Reusing power supplies across generations is where the cost gets lower. I have done that in the past by sticking to Dells with 90W power supplies for the last 15+ years. The computers become obsolete or fail way before the power supplies in general. Now the replacements for those computers use 90W USB-C. I don’t want some hub that has a custom size barrel adapter and is worthless when the hub dies.

A 60W power supply, or using a hub that only allows 60W passthrough, slowly drains the battery when in active use. The computer tells me it is running at a reduced speed / not charging at full speed if I have a 65W one. Or if it just doesn’t detect the 100W version successfully. Pretty standard Latitude 5521.

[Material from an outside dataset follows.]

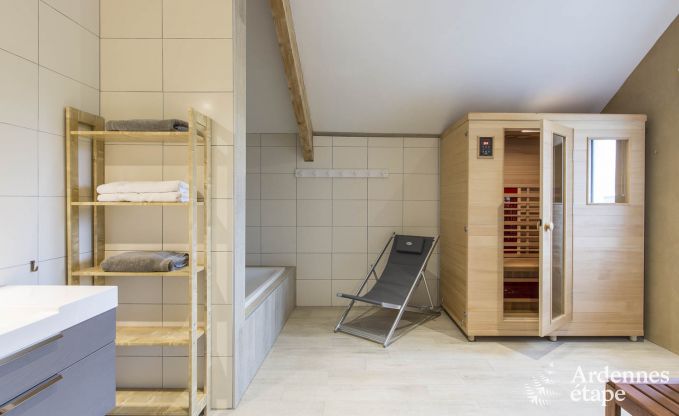 Ferienhaus La Roche en Ardenne 13 Pers. Ardennen Wellness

The 727 is fairly close to what I want, although a strange shape and would be better at 120 (20W from one port and 100W from the other) . The 737 could be close too. Still don’t understand sticking a USB-A port in everything.

This reply is to Anker primarily rather than you.

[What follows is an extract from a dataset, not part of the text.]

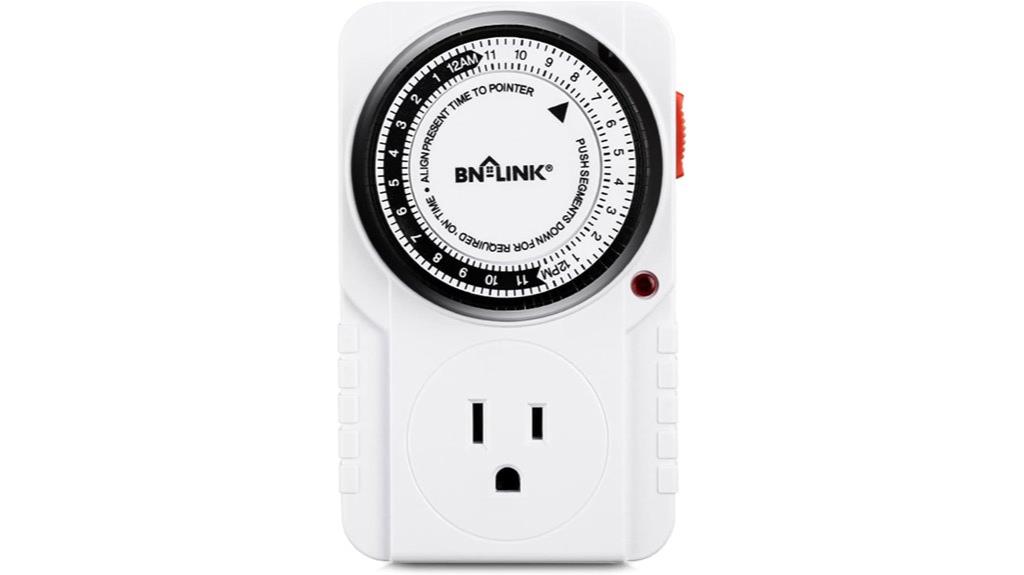 indoor device timer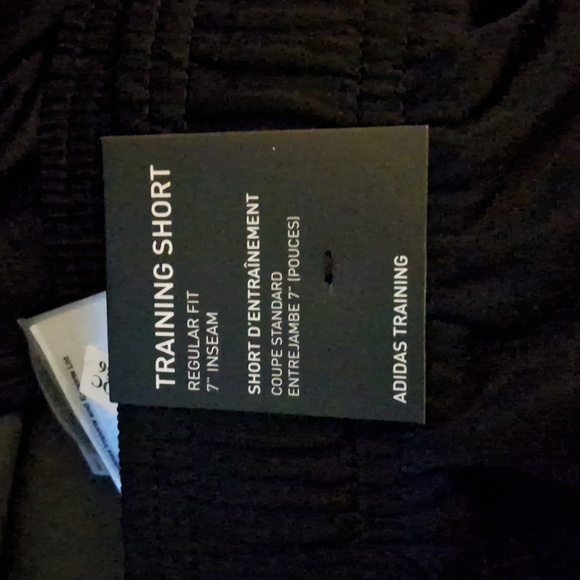 Adidas Men's Essentials Woven Training Shorts - Picture 2 of 4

I can understand why they keep including a USB-A port in GaN chargers. A single small charger for all your needs for travel, either day work bag or overnight trips. We all own some form of legacy charging needs, like smartwatch USB-A custom cable. Heck even Soundcore is causing problems their Frames come exclusively with USB-A charging cable.

However, such an imagined person would be less experienced in such a purchase decision, and arguably may not actually exist.

Here’s why:

  • there’s always a chance you don’t get to power, so you always carry a portable charger for a reasonable worst case scenario, so enough stored energy to get to 24 hours. e.g. if with just phone then a 5A-10Ah type Powercore, or also with tablet then 20Ah, or laptop a 26Ah (100Wh) type or a 5-10 + 20 two.
  • all portable chargers have a USB-A port and trickle charge mode, or if carrying two then at least two USB-A and at least one has trickle-charge.
  • USB-A needs are for small batteries so correspondingly don’t drain much of a Powercore.
  • USB-A needs are often slower recharging items so don’t get much benefit from a few minutes from charger.
  • so your Powercore services your travel USB-A needs, and then the challenge is to recharge your Powercore when you get to power.
  • For longer than an overnight trip, longer than when a Powercore (or two) is sufficient backup / fallback , you’d not rely on a single charger anyway. Two reasons: you often need 5 ports; you’d not rely on 1 charger in case it fails. 5 port example is: phone, laptop/tablet, Powercore, watch, audio.
  • so for your 5 ports you’d have something very small pocketable for the quick use of a short duration proximate socket, plus something bulkier in bag for the overnight recharge. Typically an older charger with USB-A and a newer powerful charger with multiple USB-C.
  • So given you own your Powercore anyway, they are too useful to not have, and given you been buying chargers for years, what is your current net new need is a small powerful exclusively USB-C multi-port charger.
  • the experienced buyer is seeking small 2-4 port USB-C chargers, as laptops move to USB-C something of the order of 80-120W. In my case my laptop is 45W, tablet is 18W, Powercore is 18W, phone is 10W, so that’s 4 port 91W.

So given Anker has “done what they have done” the next releases should be smaller for a given Wattage via ditching the USB-A ports, or can be higher Wattage as can use the space released for bigger components. So either smaller or more powerful.